1 July 2013 — Today (Monday) marks the one-year anniversary of Australia’s carbon price, but the fledgling system could be aborted if reports of an election promise to speed the transition to an emissions trading scheme by the newly installed Rudd government prove accurate, or if a successfully elected Liberal government proceeds with its “blood oath” to dismantle it.

Data shows that since the introduction of the tax, carbon emissions from the National Electricity Market have decreased by 7.4 per cent, and renewable energy generation has increased by 30 per cent.

Contrary to Opposition Leader Tony Abbott’s claims before its introduction, the carbon tax’s effect on the cost of living has not been “almost unimaginable”, having added just 0.4 per cent to the consumer price index.

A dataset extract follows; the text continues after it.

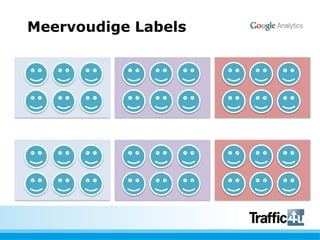 Meervoudige Labels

“The fact is that the clean energy policies we have implemented are environmentally effective, economically responsible and socially fair,” former climate change minister Greg Combet said to the National Press Club last month.

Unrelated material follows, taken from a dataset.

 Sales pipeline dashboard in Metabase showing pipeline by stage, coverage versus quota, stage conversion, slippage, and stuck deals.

“Anyone who looks at the spread of carbon markets in Europe, China, South Korea, California and Quebec knows that carbon pricing is here to stay as the principal mechanism for the world to avert dangerous climate change.”

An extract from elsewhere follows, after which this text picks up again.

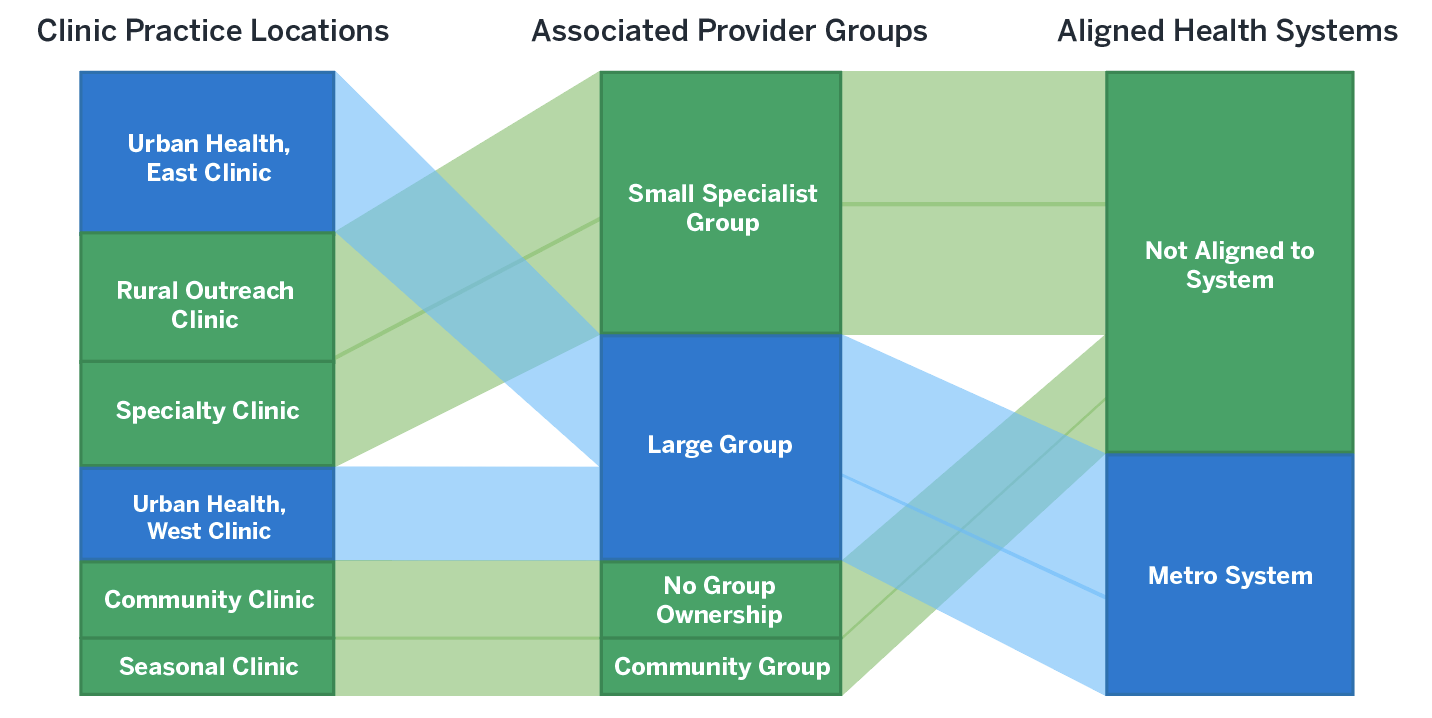 Provider Registry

Whether this pricing will remain as a tax for the next two years, or whether an ETS will be somehow fast-tracked, is the source of much speculation, and people are looking to the new climate change minister Mark Butler to provide certainty.

Tony Abbott has provided some certainty by saying he will cut either.

Business groups have now recommenced their push for the speedy transition to an ETS, which under the current plan would not occur until 2015.

The Australian Industry Group chief executive Innes Willox recently called for bipartisan support to immediately move to an ETS, saying it would reduce the carbon price by three quarters to around $6.

“The re-elevation of Kevin Rudd to the nation’s leadership is a real opportunity to reset the policy agenda for the rest of this term of Parliament and beyond,” he said in an Australian Financial Review opinion piece.

A survey recently released by AIG found that the construction industry could on average only pass through 10 per cent of the increases in electricity and gas costs, and that only 25 per cent of businesses surveyed had reduced emissions, saying the expectation of a lower or no carbon price in the future had stunted action.

Greens NSW MP Cate Faehrmann, who is leaving state politics to campaign for a place in the federal Senate, said that caving in to business pressure now would be a backwards step.

“I truly hope that Kevin Rudd will stick to his mantra, stick to his belief that climate change is our greatest moral challenge,” Ms Faehrmann said.

“What we have to make sure is that industry doesn’t pressure politics in this country to the point that action is wound back on climate change – moving to a floating price at this stage signals that.”